--- Brief ---
Repeat the stretch of entries below from the line with "Light Wash Relaxed Fit Jeans" through the line with "A triangular blue". Include both ends and add nothing.

--- Exercise input ---
+--
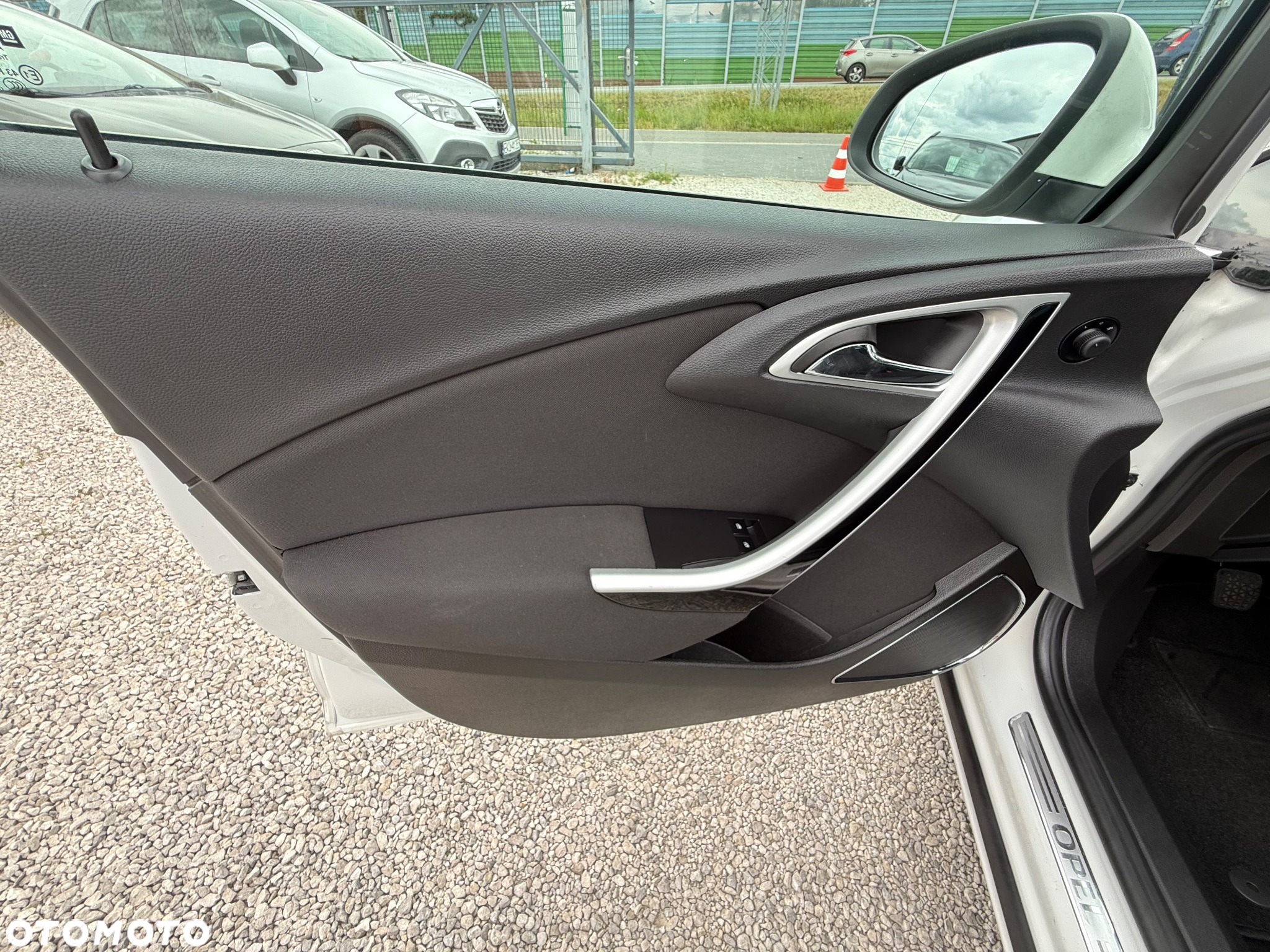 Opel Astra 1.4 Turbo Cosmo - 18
+--
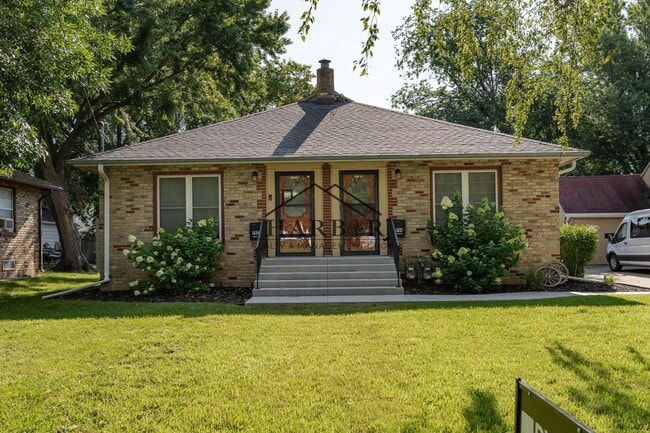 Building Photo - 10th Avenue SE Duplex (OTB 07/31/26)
+--
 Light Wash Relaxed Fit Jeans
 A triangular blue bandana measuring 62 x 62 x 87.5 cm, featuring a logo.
+--
--- Response to this task ---
 Light Wash Relaxed Fit Jeans
 A triangular blue bandana measuring 62 x 62 x 87.5 cm, featuring a logo.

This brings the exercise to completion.